Consensus Recommendations for the Management of Neurosarcoidosis
by Amanda Fortune
In the recent article “Consensus Recommendations for the Management of Neurosarcoidosis”, specialists with experience in managing patients with neurosarcoidosis were invited to complete an anonymous survey in order to reach consensus recommendations regarding the evaluation, diagnosis, treatment, monitoring, and long-term management of neurosarcoidosis.
What is neurosarcoidosis?
Sarcoidosis is a rare multisystem inflammatory disorder, and in 5-15% of patients with sarcoidosis, there is clinical involvement of the nervous system. This is then referred to as neurosarcoidosis. In neurosarcoidosis, inflammation is driven by granulomas (clumps of immune cells) that form in the brain, spinal cord, or peripheral nerves, which can lead to symptoms like weakness, sensory loss, bowel/bladder dysfunction, and spasticity due to spinal cord involvement.
Experts widely accept the diagnostic framework for neurosarcoidosis, which is classified based on the recognition of specific clinical and radiologic symptoms as well as the presence or absence of sarcoidosis within or outside of the nervous system.
Why are consensus recommendations needed?
There are no comparable neurologic expert consensus recommendations regarding the management and monitoring of treatment response. Additionally, there is a lack of uniformity in what drugs are being used and the standardization for dosage and duration. The use of glucocorticosteroids is widely accepted, but many clinicians vary in the specific drug being used and the treatment protocol, and overall, there is a lack of standardization of care.

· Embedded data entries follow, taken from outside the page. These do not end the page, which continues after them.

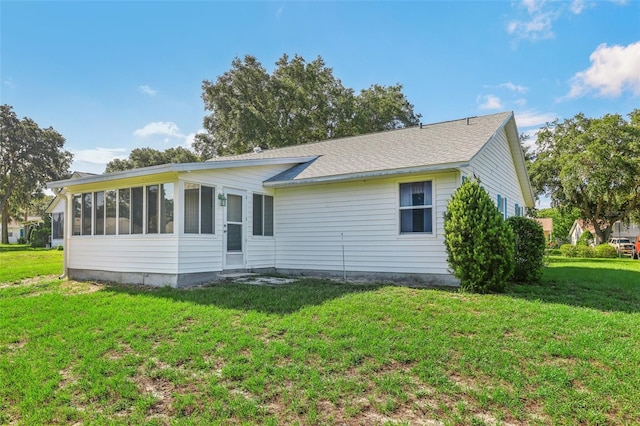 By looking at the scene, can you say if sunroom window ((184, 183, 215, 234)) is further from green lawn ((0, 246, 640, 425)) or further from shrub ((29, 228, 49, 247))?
shrub ((29, 228, 49, 247))

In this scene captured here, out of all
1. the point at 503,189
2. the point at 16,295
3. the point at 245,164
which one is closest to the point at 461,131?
the point at 503,189

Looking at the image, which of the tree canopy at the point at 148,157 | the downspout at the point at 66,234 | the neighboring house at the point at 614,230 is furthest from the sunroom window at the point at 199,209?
the neighboring house at the point at 614,230

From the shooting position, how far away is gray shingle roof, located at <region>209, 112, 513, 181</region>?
915cm

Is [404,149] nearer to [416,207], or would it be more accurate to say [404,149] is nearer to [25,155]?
[416,207]

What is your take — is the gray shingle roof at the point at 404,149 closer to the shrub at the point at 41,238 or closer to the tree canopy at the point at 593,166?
the tree canopy at the point at 593,166

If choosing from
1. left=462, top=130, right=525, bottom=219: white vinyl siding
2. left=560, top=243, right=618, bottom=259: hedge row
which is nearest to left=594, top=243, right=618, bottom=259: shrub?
left=560, top=243, right=618, bottom=259: hedge row

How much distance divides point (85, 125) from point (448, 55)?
41.1 ft

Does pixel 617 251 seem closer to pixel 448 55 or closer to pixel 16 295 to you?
pixel 448 55

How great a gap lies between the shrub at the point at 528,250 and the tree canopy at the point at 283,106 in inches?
754

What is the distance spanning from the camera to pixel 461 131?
36.6 ft

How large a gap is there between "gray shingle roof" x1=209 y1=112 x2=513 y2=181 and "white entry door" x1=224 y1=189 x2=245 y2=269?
1.52 meters

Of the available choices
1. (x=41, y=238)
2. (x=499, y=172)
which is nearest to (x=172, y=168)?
(x=499, y=172)

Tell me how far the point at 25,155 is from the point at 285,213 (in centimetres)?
3415

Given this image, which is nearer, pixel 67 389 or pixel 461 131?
pixel 67 389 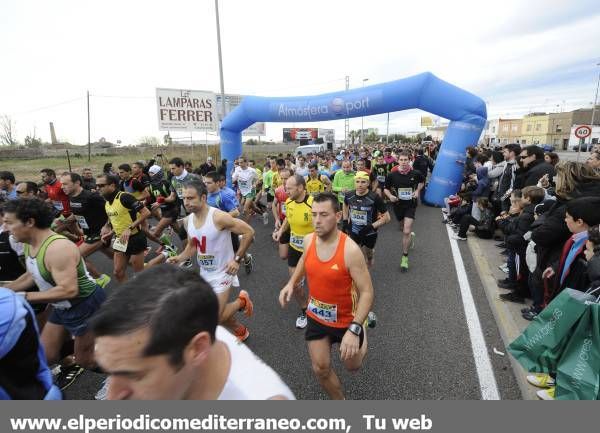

Due to these reasons, experts agreed that a consensus recommendation amongst neurosarcoidosis specialists should be developed in order to facilitate diagnosis, treatment, and management of this rare disorder. The aim of this study is to “develop consensus on key questions pertaining to the treatment of neurosarcoidosis and monitoring of treatment response and to identify areas of uncertainty requiring further investigation. The consensus recommendations are intended as a practical reference to aid the clinicians who are treating patients with neurosarcoidosis.”
How the study was conducted
As the main study design, researchers used a Delphi study survey, which is a design to gather expert opinion anonymously through iterative rounds until a consensus is reached. Expert consensus recommendations were adopted if >80% threshold of agreement was reached. 41 clinicians were invited to complete the survey and 78% participated.
General treatment recommendations
There was consensus supporting:
- The initial treatment regimen for neurosarcoidosis depends on the phenotype (observable characteristics) and symptom severity.
- It is reasonable to treat “possible” neurosarcoidosis if other causes have been appropriately excluded.
- Glucocorticosteroids should be used as part of the initial treatment.
- The presence of active, systemic sarcoidosis should be considered when determining an induction vs. escalation approach to immunosuppressant use.
- Neurologists with expertise in neuroimmunology should be involved in the management of neurosarcoidosis.
- After acceptable treatment response, an attempt to gradually taper off immunosuppressants is reasonable with close surveillance.
Phenotype-specific treatment recommendations
There was consensus supporting:
- Specific phenotypes warrant an induction approach with high-dose glucocorticosteroids (e.g., methylprednisolone) and an anti-TNF-ɑ steroid sparing agent (e.g., infliximab) for acute management.
- These phenotypes include moderate-severe myelitis, pachymeningitis with elevated ICP (inflammation of the outer layer of the brain and spinal cord coverings, leading to increased pressure in the head), leptomeningitis with elevated ICP (inflammation of the inner layers of the brain and spinal cord coverings, also causing increased pressure in the head), symptomatic parenchymal brain disease (inflammation inside the brain itself, which can cause symptoms like confusion, weakness, or seizures), and moderate-severe optic neuritis.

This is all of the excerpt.